En tanto se trata de un espacio empírico de enorme diversidad, configurado a partir de una suerte de micro-historia de la lectura escolar aún insuficientemente estudiado, con un presente complejo en términos de diversidad de contextos socioculturales y de cambios notables en las propias tecnologías de la cultura escrita, es temeraria cualquier generalización en torno a lo que sucede con la lectura en la escuela, acerca de quienes la practican y cómo lo hacen, acerca de los textos que en ella se leen. No hay aparato de control estatal de tal eficacia, ni paradigma de teorización acerca de la lectura de tal legitimidad que pudieran obturar en su afán generalizador las múltiples posibilidades de teorías y prácticas que la escuela pone en juego. Cada nueva observación realizada en el propio espacio de la escuela, alerta a lo heterogéneo sin prejuzgamiento alguno, cada nueva investigación en lectura centrada en los modos de operar de diversos grupos sociales con la lectura, se constituye en una nueva desmentida respecto de cualquier mirada, en definitiva, reproductivista. El sentido común es reproductivista y es esa la operación que queremos evitar a la hora de avanzar en consideraciones acerca de la lectura en la escuela.
La lectura, cuyo referente empírico se presenta como una diversidad de prácticas inabordable, necesita de cierto recaudo constante que impida las múltiples formas del reduccionismo. Allá por los años ochenta cuando en las universidades argentinas comenzaban a circular las teorías literarias dominantes, retardadas en circulación gracias al efecto opresivo de la última dictadura cívico-militar, el lugar de las teorías de la lectura no parecía ser el central en la agenda de la teoría literaria: teorías acaso sospechadas de sociologismo o de empirismo, las del lector. Mucha agua bajo el puente, desde el campo político-pedagógico parece habernos advertido de que existían unas condiciones materiales de la lectura a tener en cuenta en nuevas consideraciones sobre la lectura en la escuela.
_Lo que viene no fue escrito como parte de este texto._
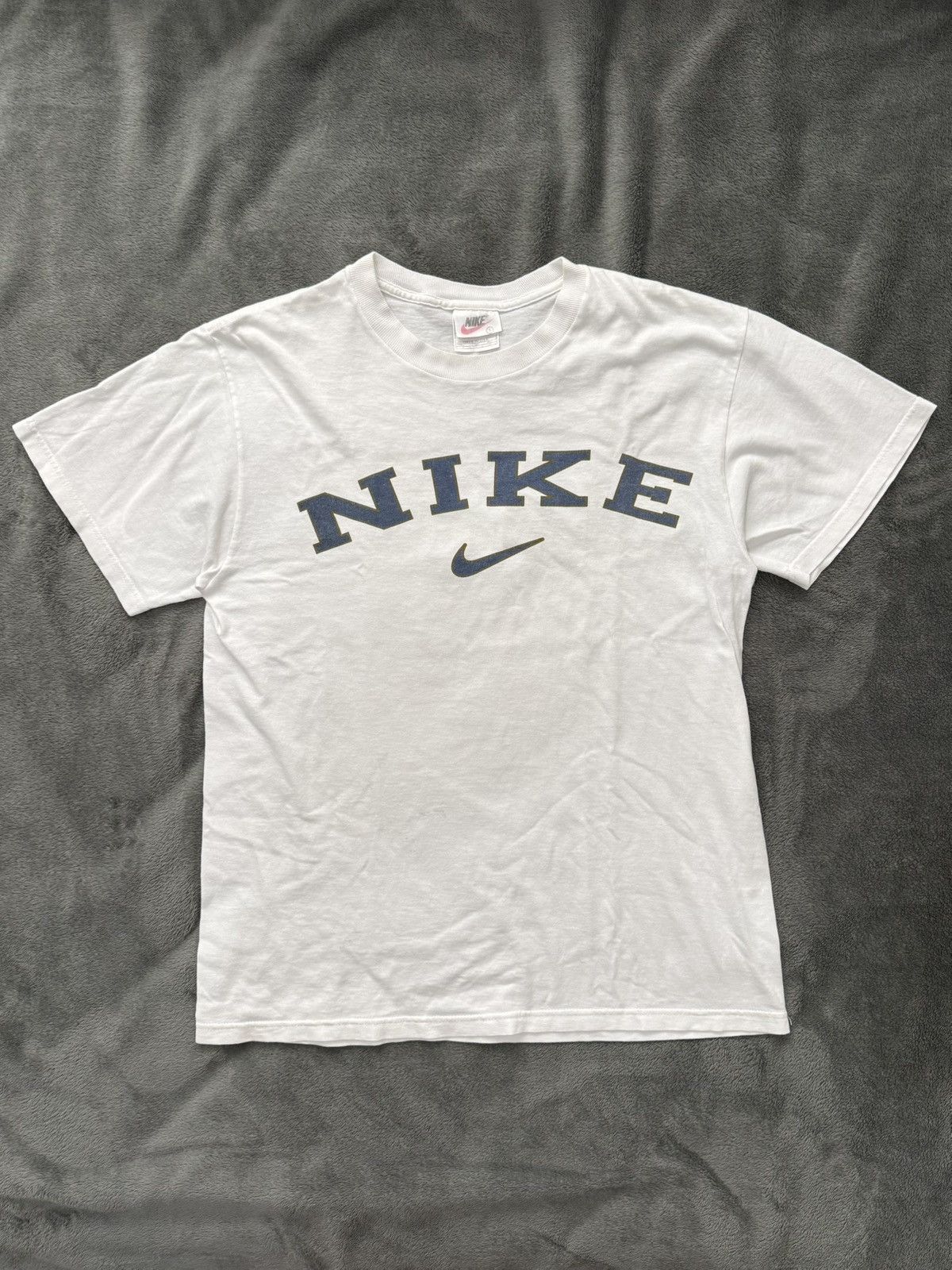 Nike Vintage Nike Big Spellouts 90's Made in USA T-shirt Size US S / EU 44-46 / 1 - 1 Thumbnail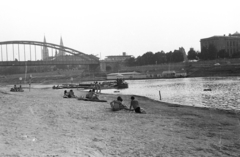 Magyarország, Szeged, partfürdő, háttérben a Belvárosi híd és a Fogadalmi templom., 1960, Fortepan/Album013, strand, híd, folyó, Tisza-híd, múzeum, folyópart, Gustave Eiffel-terv, úszóház, Feketeházy János-terv, Mihailich Győző-terv, Fortepan #118139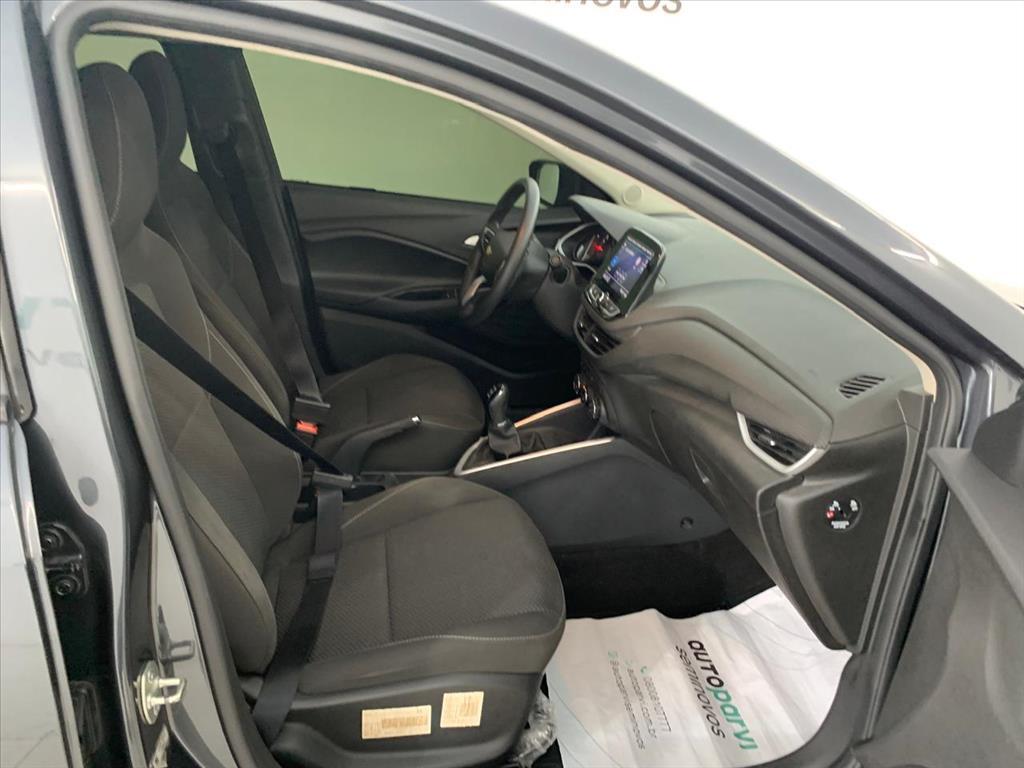 Chevrolet ONIX PLUS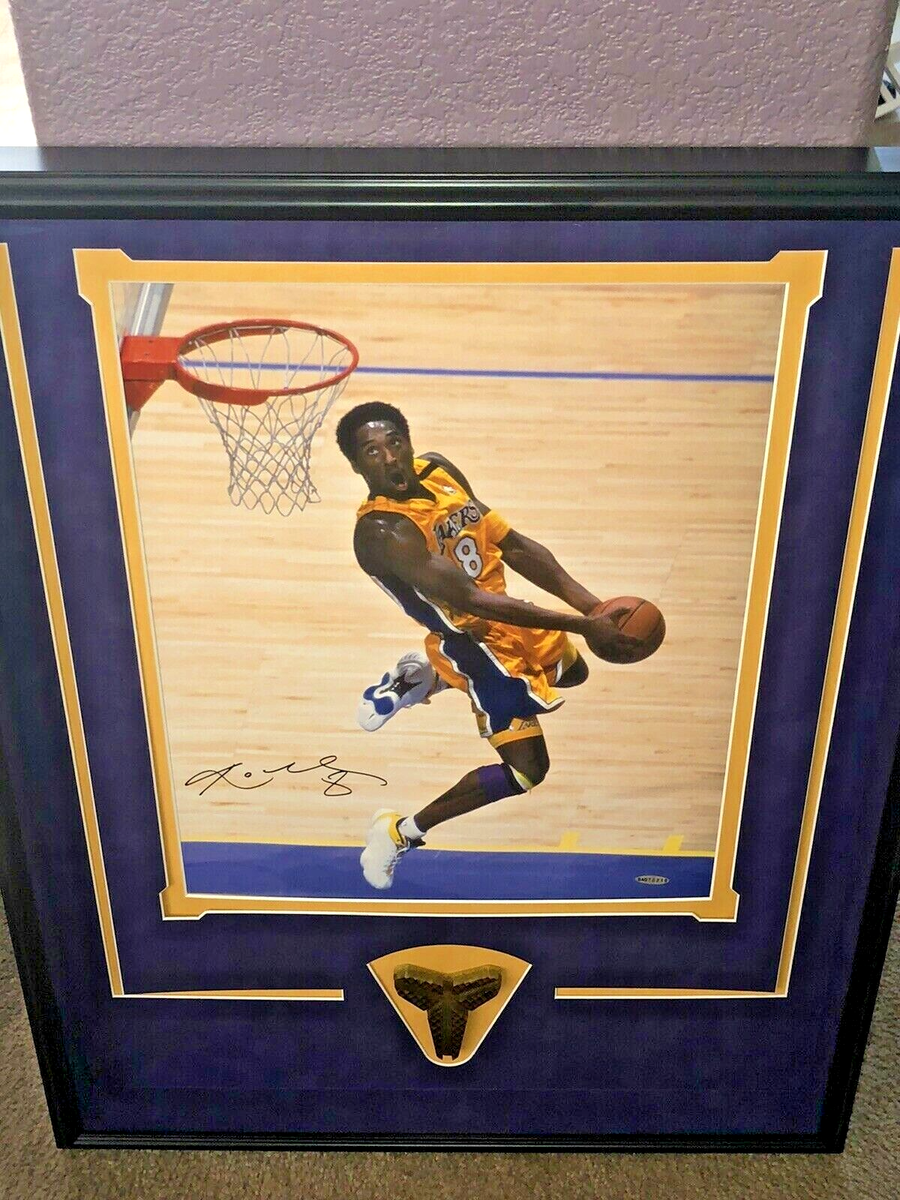KOBE BRYANT Signed KOBE BRYANT Signed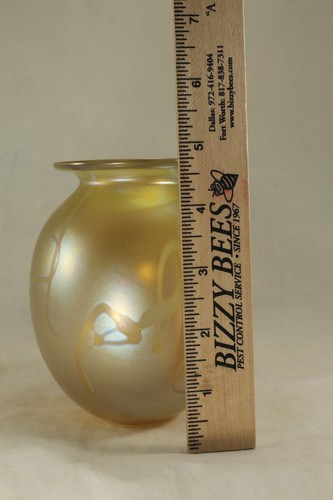 1994 Robert Eickholt 4¾" Iridescent Gold Aurene Art Glass Vase - Picture 2 of 8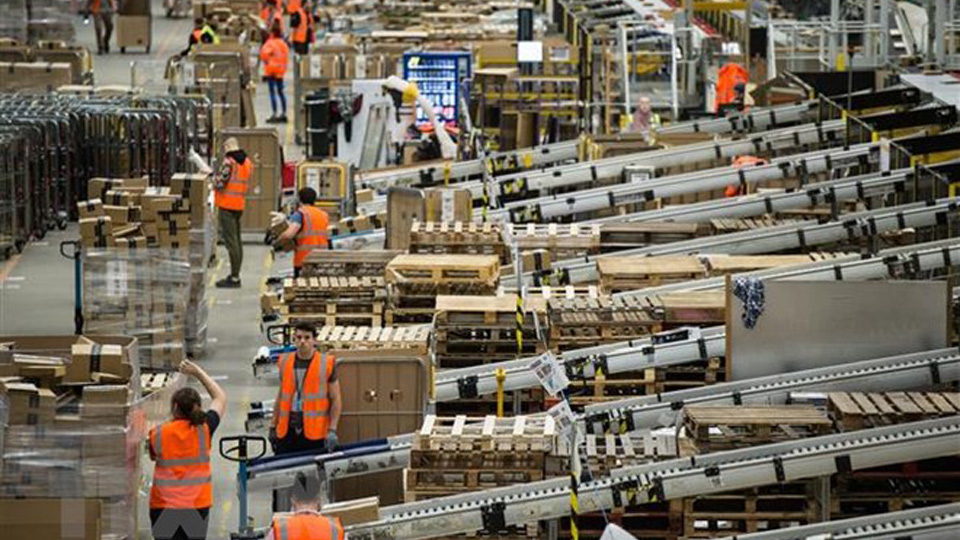 Anh công bố chính sách nhập cư mới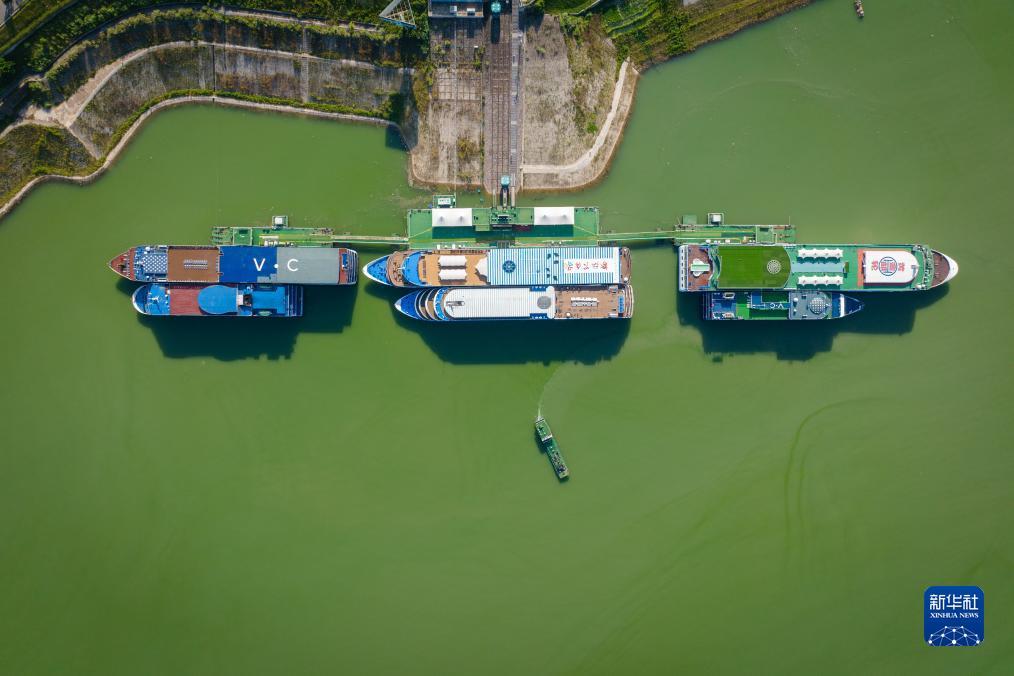 近年来,湖北省宜昌市着力推进岸电建设,建成秭归港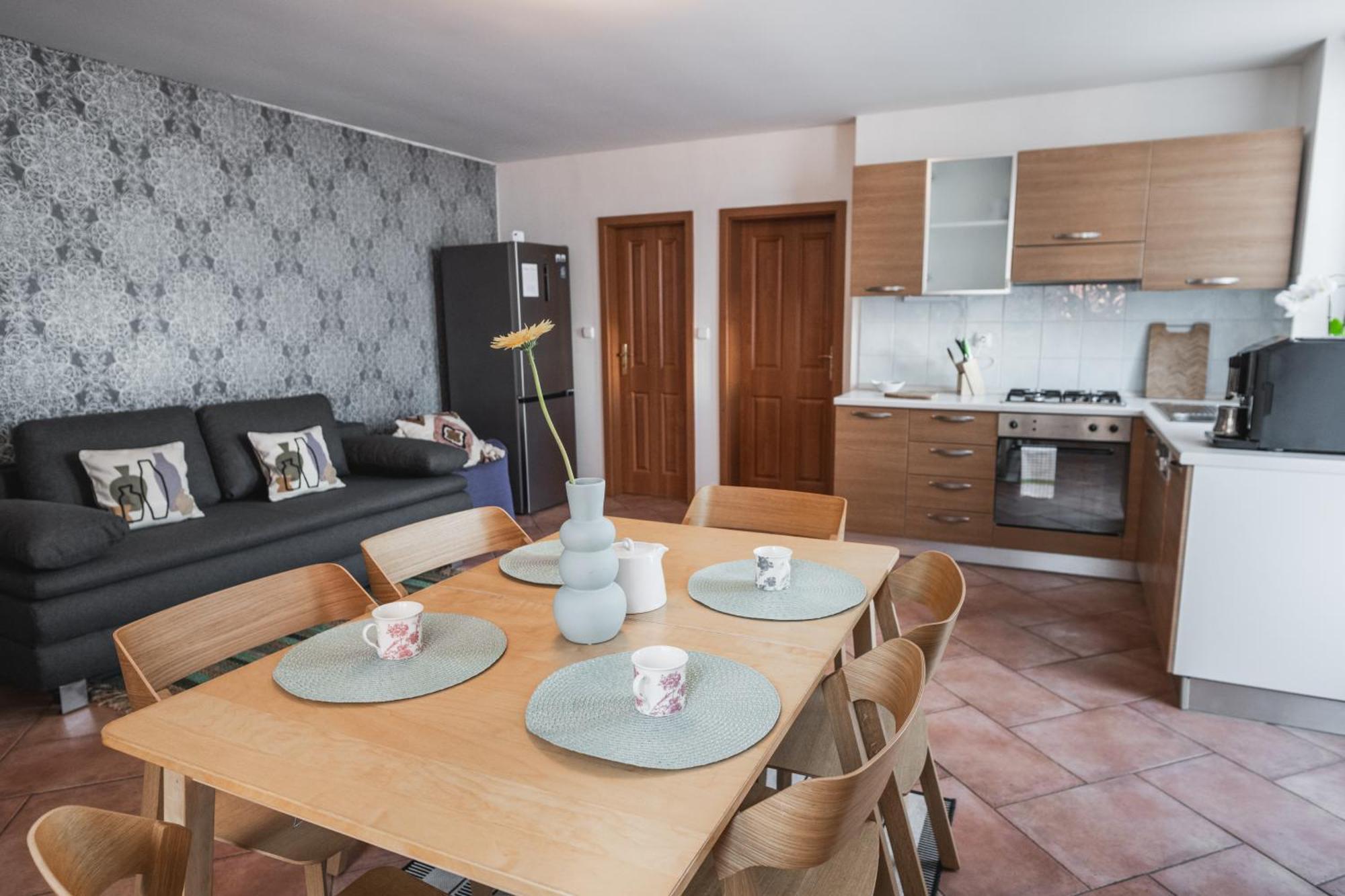 Apartment Spacious With Huge Balcony! *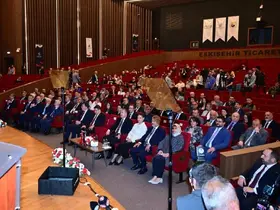 ESOGÜ Rektörü Prof. Dr. Kamil Çolak, Eskişehir Sempozyumu’nda konuştu
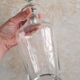 Carafe début XXème siècle ciselé et gravé, bouchon facetté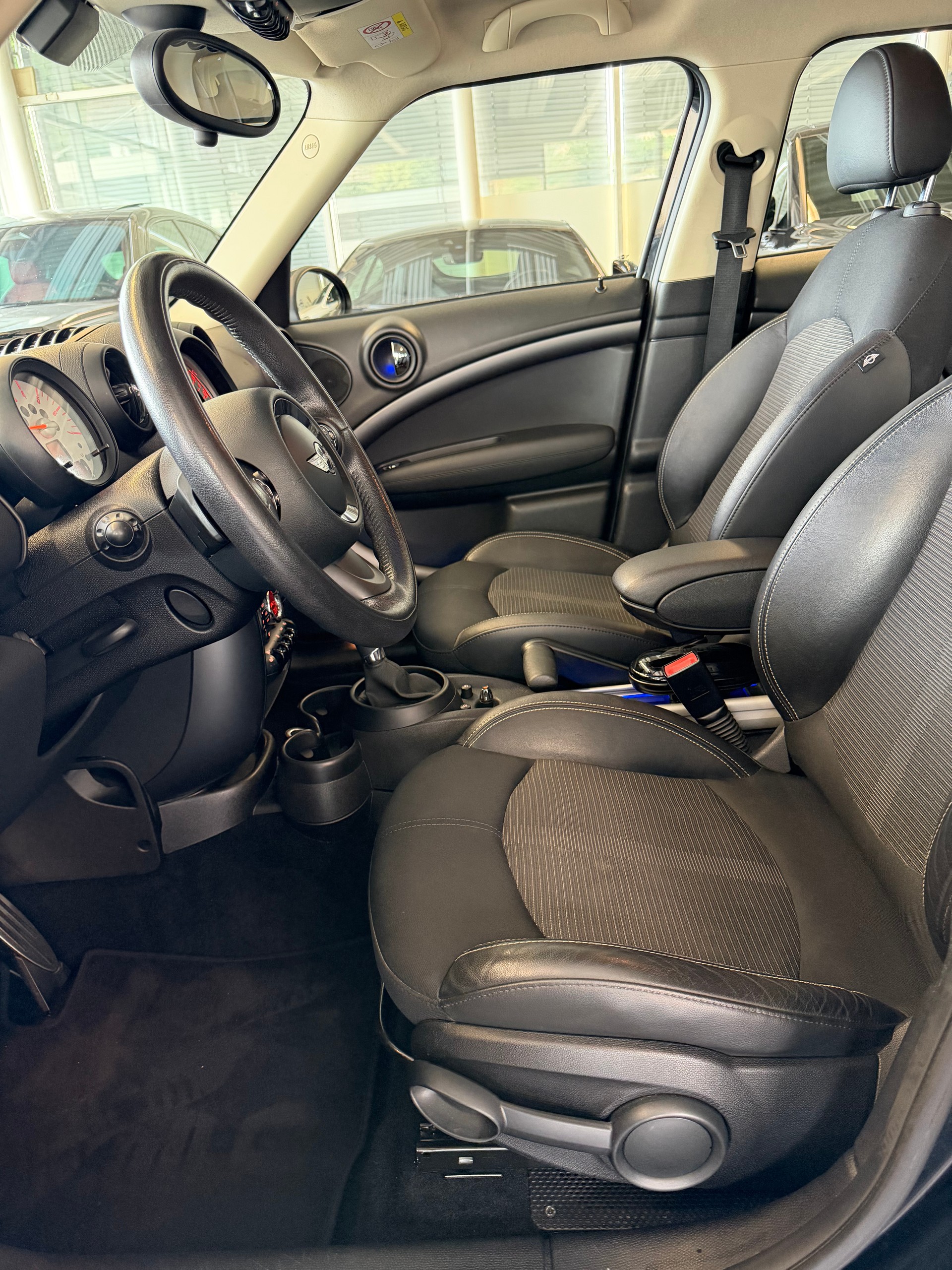 MINI Countryman Cooper SD ALL4 Steptronic Snowhill | CH Fahrzeug | Chili | Wired | Xenon | NAVI | -image-11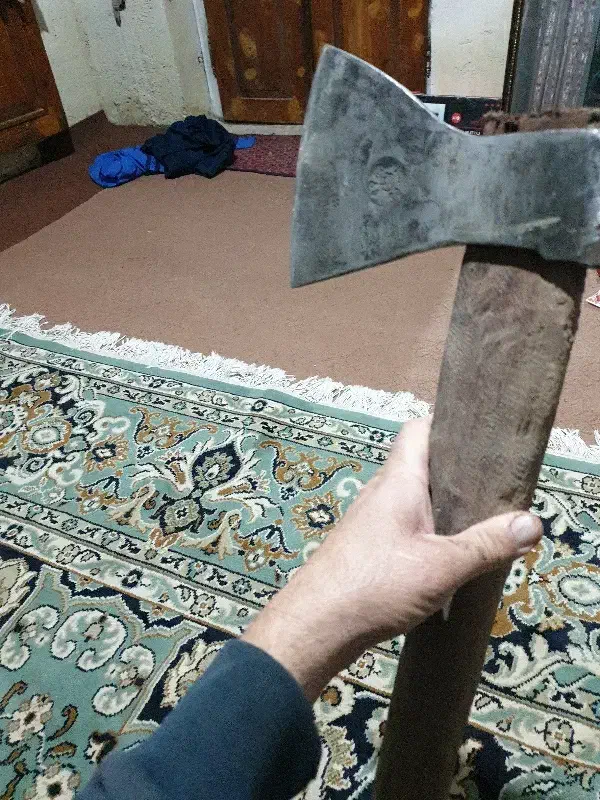 تبر روس اصل قدیمی صد در صد اصلی|کلکسیون اشیاء عتیقه|آق قلا, |دیوار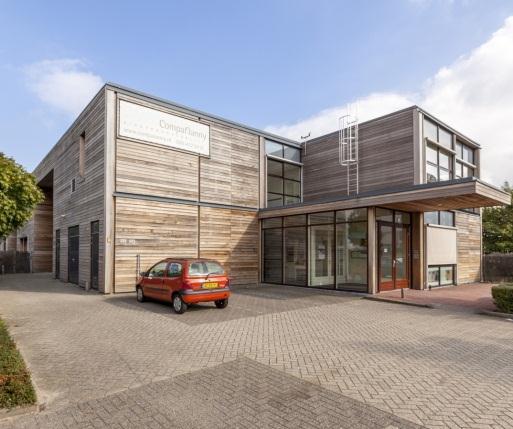 BTW Garage: EUR 900,- per plaats per jaar, excl. BTW EUR 42,50 per m² per jaar receptie en auditorium aanwezig www.schipholrijkoffice.nl Boeingavenue 152 ca.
La lectura rezuma empiria y, siempre y cuando no medie prejuicio, esto no habrá de ser un problema para el teórico, ni para el crítico, ni para el político ni para el pedagogo. La lectura rezuma empiria, lo que se traduce en proyectos editoriales, en políticas de acceso al libro, en políticas curriculares y lingüísticas, en modos de mediar la lectura, en formación de maestros y profesores, en prácticas de enseñanza, en discursos acerca de la lectura. Desde hace algunos años, la historia cultural, la historia del libro y la lectura y también la historia de la enseñanza nos vienen alertando acerca de que la lectura no es mera metafísica sino práctica social moldeada en dispositivos socio-históricos por los que ningún sujeto es propietario –y por ende responsable– de ningún mandato político, ni pedagógico ni del orden de algún sentido consagrado y cristalizado sin más acerca de la lectura. El viejo relato nacionalista, la perimida estética de las bellas letras o el urgente disciplinamiento de la lengua pierden su fuerza ordenadora y en su lugar, una mirada multiproblemática y por eso necesariamente multidisciplinaria nos invita a asumir esa práctica valorada, la lectura, en toda la complejidad teórica, política y práctica desde donde urge abordarla. No cabe entonces ningún sesgo disciplinario, ninguna mirada desde ninguna capilla, ningún retaceo corporativo.